I'm pretty sure it's the same deal with 7900 and ealier too. All or nothing with regard to fixing any free hub body issues.

I don't know what's typical but I have about 13K on a 7900 rear hub with no sign of any issues.


----------



## TJay74 (Sep 9, 2012)

Let me give up some of my insight...

I just had Reynolds buy back my Assaults after they had been rebuilt 4 times. Reynolds had done everything short of just sending me a brand new wheelset to try and get the issue resolved.

The end built they bought back from after everything was all said and done was the Assault rim, DT Swiss 240 hubs and DT Swiss aerolite spokes. Wheels came in around 1375g for the pair. They were very light, 46mm deep and I loved how they rolled.

Just could not keep them true for the life of the wheels, never made it more than 200 miles without the wheels going so far out of true that it would make braking performance come into play.

Reynolds was a pleasure to work with on the issue. Granted these were the 2013 Assaults and not the new 2014 Assault SLG wheels. Reynolds knew I was frustrated so they opted to buy the wheels back from me and let me go elsewhere.

After tons of research, thinking about building customer, buying off the shelf and so on I finally pulled the trigger on some Shimano Dura Ace C35 wheels. I have about 500 miles on them and they have been absolutely trouble free. The front wheel is one of the smoothest rolling wheels I have ever ridden on. Rear hub is 18pt engagement (I liked the DT Swiss 36pt better) and is solid as well. Hub flanges are wide as possible and the wheels are as well.

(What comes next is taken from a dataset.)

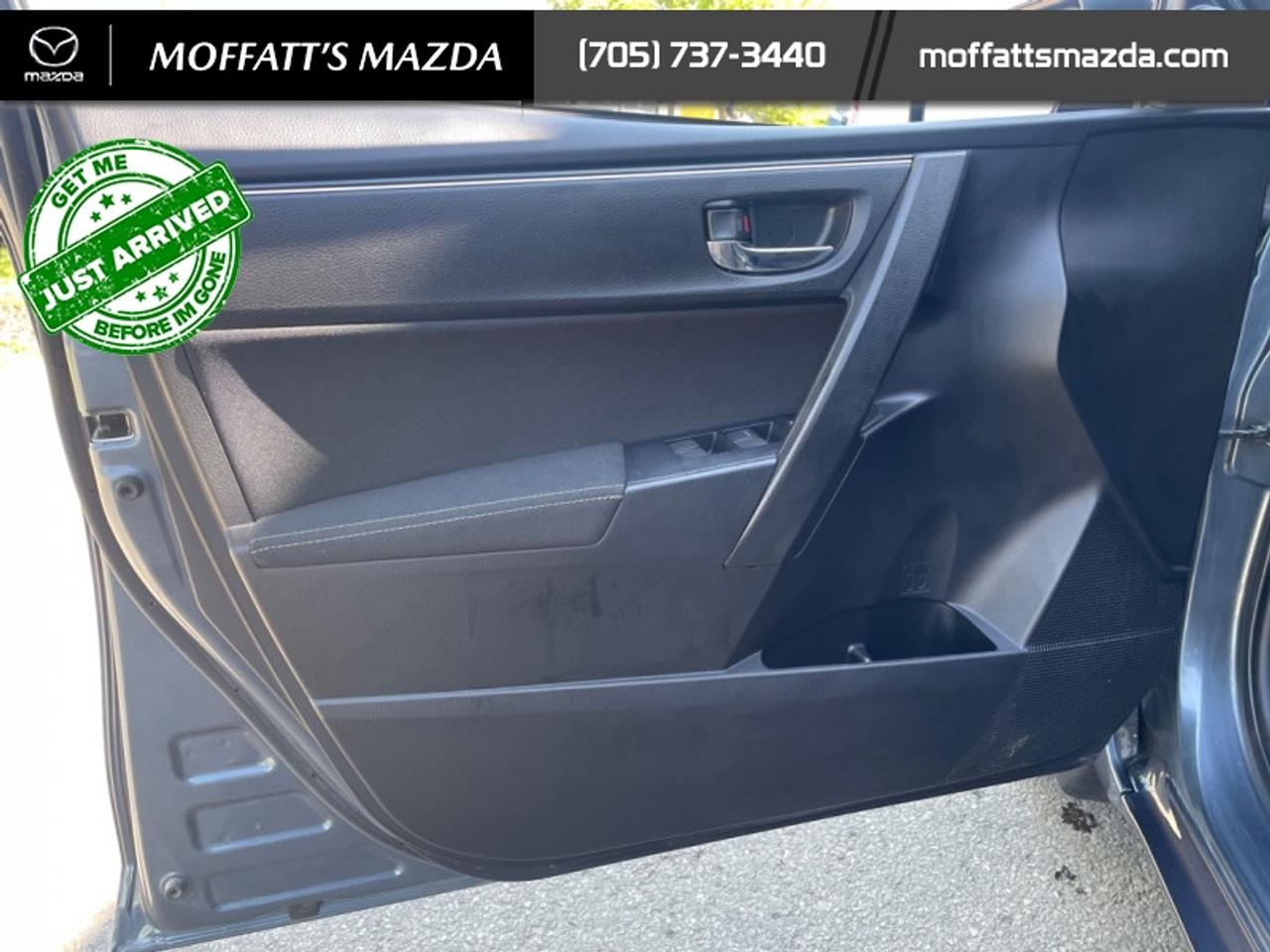 2017 Toyota Corolla LE Photo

If I had to find something negative about the Shimano wheels is the weight, claimed was 1440g but they came in around 1525g I was surprised they were off as far as that but I am ok with it for now.


----------



## skinewmexico (Apr 19, 2010)

How about some November wheels? Flo Cycling? And I have been really happy with my HED Jet 5 Express at <$1000. I'm not faster, but they look cool, and don't seem to get blown around.


----------



## Mike T. (Feb 3, 2004)

changingleaf said:


> Dura Ace hubs the freehubs cannot be flushed out.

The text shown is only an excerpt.